Provided that in the case of CRE and CRE-RH projects, original DCCO will be the date on which Occupancy Certificate, or its equivalent, is expected to be obtained from the competent authority.

(f) “Extended DCCO” - If the original DCCO is revised, then the revised DCCO shall be termed as the Extended DCCO.

(g) “Actual DCCO” – refers to the date on which the project is put to commercial use and completion certificate/ provisional completion certificate/ occupancy certificate (in case of CRE and CRE-RH projects) or its equivalent is issued to the concessionaire/ project developer/ promoter.
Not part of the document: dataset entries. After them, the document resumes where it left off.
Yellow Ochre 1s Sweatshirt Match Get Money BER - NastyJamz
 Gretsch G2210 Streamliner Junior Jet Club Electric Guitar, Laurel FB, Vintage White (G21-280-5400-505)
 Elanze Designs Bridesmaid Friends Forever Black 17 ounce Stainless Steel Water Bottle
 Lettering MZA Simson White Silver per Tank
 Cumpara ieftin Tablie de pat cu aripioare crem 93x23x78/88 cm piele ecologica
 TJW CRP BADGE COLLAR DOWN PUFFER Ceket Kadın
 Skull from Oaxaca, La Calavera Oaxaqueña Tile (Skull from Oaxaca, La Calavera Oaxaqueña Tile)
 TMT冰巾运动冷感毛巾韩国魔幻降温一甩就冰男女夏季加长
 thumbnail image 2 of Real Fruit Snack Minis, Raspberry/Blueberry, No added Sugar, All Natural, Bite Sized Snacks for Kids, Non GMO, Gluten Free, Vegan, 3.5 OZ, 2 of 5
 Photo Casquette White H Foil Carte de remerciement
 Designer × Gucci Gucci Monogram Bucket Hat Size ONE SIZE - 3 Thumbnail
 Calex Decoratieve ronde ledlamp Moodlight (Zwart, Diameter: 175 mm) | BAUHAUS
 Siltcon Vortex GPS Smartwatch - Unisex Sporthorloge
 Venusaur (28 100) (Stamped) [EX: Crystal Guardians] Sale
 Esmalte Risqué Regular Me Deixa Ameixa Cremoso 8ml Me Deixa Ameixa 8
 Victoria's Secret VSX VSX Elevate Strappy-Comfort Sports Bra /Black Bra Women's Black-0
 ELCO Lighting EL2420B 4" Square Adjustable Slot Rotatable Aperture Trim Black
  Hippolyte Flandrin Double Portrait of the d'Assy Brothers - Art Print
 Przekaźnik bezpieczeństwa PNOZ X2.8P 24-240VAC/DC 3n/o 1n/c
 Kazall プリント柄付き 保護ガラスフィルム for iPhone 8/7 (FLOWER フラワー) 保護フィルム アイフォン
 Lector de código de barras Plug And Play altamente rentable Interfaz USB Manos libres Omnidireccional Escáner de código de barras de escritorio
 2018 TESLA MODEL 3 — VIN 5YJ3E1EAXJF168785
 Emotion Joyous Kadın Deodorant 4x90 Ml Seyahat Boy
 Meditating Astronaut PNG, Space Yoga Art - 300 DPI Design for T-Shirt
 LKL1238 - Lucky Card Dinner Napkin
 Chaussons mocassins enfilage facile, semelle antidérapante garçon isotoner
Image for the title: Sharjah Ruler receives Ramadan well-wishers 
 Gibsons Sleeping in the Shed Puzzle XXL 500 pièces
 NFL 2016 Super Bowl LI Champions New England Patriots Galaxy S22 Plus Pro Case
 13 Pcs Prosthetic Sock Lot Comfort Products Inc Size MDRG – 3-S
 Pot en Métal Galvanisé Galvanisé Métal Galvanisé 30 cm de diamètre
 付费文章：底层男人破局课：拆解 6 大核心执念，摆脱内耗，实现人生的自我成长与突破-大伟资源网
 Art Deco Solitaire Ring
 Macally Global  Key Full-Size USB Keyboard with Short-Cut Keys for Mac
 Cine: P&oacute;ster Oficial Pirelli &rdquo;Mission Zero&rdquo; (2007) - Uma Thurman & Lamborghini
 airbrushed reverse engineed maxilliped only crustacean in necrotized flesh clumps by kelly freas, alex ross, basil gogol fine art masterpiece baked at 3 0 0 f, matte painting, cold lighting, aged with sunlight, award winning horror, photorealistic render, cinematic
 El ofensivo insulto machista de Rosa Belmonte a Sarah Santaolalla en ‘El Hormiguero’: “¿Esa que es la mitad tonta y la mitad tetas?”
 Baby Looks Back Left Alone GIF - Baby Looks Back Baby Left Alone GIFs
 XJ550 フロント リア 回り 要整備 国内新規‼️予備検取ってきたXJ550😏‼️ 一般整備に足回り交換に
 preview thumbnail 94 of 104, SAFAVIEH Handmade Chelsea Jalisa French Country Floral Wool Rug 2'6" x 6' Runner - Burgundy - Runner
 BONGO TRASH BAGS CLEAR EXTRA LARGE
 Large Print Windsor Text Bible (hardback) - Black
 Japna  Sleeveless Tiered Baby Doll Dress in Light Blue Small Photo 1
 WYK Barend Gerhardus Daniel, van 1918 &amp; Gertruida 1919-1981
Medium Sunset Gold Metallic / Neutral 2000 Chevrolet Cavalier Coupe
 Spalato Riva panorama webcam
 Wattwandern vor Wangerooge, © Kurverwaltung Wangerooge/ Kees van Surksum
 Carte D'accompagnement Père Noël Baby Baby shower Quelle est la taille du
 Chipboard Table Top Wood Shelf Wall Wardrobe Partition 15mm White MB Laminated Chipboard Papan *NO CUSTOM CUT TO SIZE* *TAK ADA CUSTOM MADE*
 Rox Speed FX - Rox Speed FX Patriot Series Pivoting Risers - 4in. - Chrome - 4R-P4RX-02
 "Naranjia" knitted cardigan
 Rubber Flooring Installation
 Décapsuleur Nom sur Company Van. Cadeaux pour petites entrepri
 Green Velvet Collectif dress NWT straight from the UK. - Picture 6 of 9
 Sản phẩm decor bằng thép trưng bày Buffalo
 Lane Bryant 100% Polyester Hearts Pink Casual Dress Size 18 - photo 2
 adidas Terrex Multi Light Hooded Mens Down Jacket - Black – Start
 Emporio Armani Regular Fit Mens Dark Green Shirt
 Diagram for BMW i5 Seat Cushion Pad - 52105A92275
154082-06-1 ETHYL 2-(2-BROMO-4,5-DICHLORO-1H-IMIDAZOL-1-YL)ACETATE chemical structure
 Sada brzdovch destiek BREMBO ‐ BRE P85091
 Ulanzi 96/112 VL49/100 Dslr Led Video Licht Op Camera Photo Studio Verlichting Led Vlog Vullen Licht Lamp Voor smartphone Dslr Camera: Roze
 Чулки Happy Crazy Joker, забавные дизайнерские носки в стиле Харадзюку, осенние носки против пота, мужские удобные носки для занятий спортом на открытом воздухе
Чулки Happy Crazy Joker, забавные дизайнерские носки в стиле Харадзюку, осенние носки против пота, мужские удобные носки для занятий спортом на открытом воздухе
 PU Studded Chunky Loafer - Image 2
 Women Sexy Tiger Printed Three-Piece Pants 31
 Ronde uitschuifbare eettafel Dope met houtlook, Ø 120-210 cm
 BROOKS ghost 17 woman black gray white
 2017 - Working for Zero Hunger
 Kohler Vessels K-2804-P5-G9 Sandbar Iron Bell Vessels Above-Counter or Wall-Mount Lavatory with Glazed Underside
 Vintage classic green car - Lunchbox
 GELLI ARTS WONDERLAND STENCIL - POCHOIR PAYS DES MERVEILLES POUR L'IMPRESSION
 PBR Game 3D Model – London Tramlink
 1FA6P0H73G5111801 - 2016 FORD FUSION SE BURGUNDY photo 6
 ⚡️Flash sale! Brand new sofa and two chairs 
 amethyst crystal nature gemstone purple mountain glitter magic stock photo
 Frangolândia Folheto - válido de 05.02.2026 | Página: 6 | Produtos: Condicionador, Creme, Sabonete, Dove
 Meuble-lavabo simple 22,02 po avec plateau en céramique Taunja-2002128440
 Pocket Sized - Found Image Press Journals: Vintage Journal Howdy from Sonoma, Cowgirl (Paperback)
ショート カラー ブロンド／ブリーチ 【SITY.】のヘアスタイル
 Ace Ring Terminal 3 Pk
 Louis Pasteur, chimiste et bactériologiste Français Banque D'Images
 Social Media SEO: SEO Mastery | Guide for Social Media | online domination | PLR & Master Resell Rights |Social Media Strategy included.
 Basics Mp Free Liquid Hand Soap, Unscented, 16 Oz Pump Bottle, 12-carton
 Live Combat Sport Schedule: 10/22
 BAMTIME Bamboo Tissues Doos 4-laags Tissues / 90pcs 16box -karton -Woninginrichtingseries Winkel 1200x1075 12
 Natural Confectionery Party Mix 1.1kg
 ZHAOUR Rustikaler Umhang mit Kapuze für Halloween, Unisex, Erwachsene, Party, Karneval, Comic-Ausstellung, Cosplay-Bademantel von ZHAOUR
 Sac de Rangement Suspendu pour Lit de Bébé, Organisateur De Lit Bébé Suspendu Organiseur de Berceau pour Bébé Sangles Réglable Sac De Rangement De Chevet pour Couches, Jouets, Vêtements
(h) “Date of Financial Closure” – refers to the date on which the capital structure1 of the project, including equity, debt, grant2 (if any), accounting for minimum 90% of total project cost, becomes legally binding on all stakeholders.

(i) “Default” – means non-payment of debt (as defined in Insolvency and Bankruptcy Code (IBC), 2016) when whole or any part or instalment of the debt has become due and payable and is not paid by the debtor.

(j) “Infrastructure Sector” – shall include the sub-sectors included in the Harmonised Master List of Infrastructure sub-sectors issued by the Department of Economic Affairs, Ministry of Finance, Government of India, as updated from time to time.

(k) “Interest During Construction (IDC)” – means the interest accrued on debt provided by a lender and capitalised during the construction phase of the project.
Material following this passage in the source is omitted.